Despite exhibiting at prestigious venues including the Museum of Modern Art (1930) and the Bernheim-Jeune Gallery in Paris (1927), Clivette's work largely disappeared from public view after his death in 1931. For nearly a century, his paintings remained in private collections, unseen by art historians and the public.
Now, through the efforts of Four Riders LLC and the Clivette Estate, these remarkable works are being cataloged, restored, and shared with the world. The first major exhibition in 100 years took place in 2024 at Denenberg Fine Arts in Los Angeles, reintroducing Clivette's powerful paintings to contemporary audiences.
The Paintings
Clivette's work evolved from Ashcan School realism to bold expressionism over his two-decade painting career. His subjects ranged from the "Vamp" series—depicting 1920s burlesque performers in vivid, unflinching detail—to Native American portraits that drew on his frontier upbringing, to seascapes and still lifes that showed his evolving abstract sensibility.

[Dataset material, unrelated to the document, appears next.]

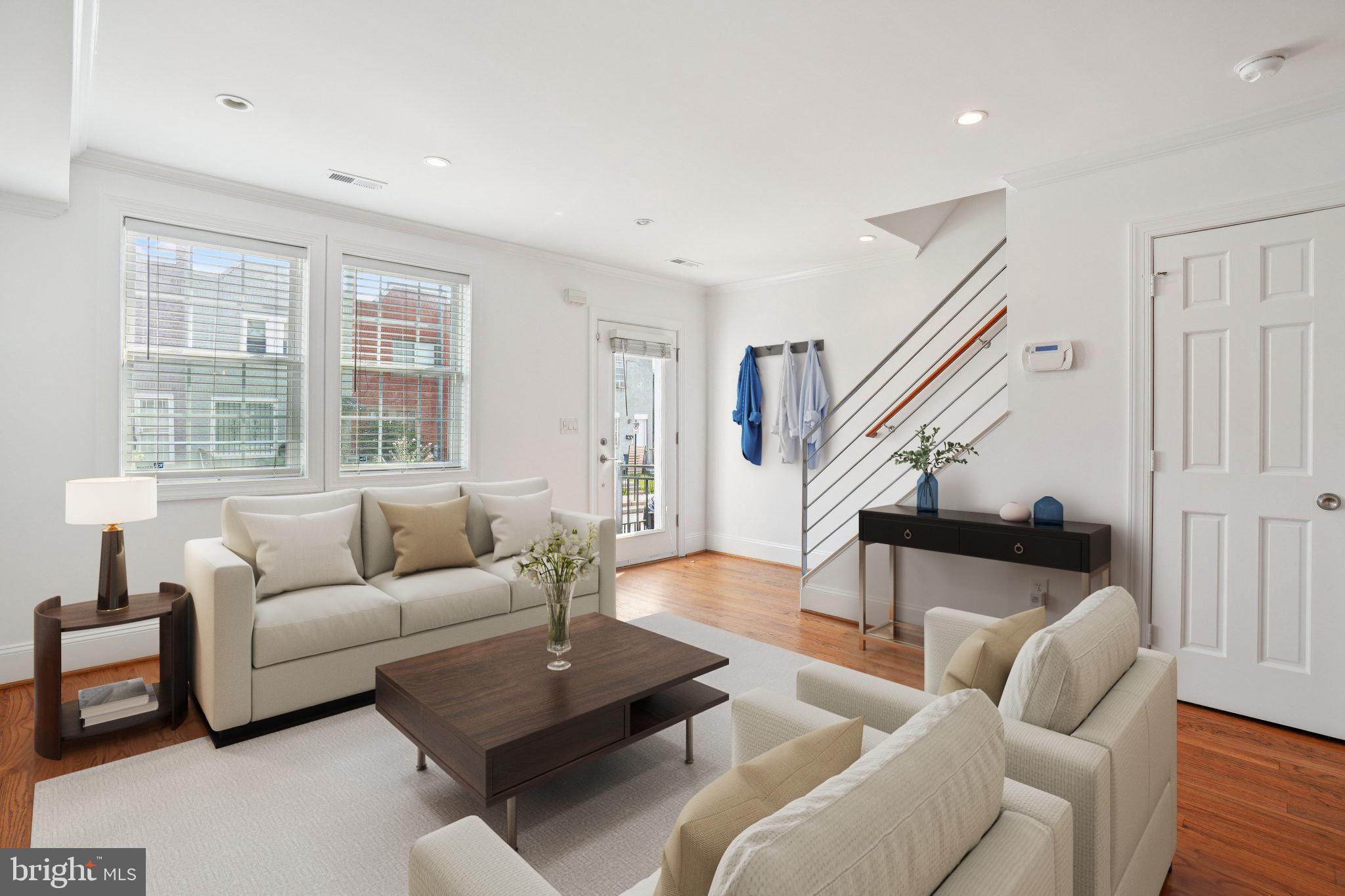 624 19th Street Northeast Washington, DC 20002 - Photo 5 of 29 a living room with furniture and a large window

His technique was distinctive: he rarely painted over a stroke twice, bringing the physical discipline of his acrobatic training to the canvas. Each brushstroke was a calculated performance, creating paintings that vibrate with energy and life.
Critics of his era recognized his innovation. The New York Times called him "the forerunner of Soutine," and the French government purchased one of his works for the Luxembourg Museum. Today, art historians are reassessing his place in American modernism, recognizing Clivette as a crucial bridge between early 20th-century realism and mid-century abstraction.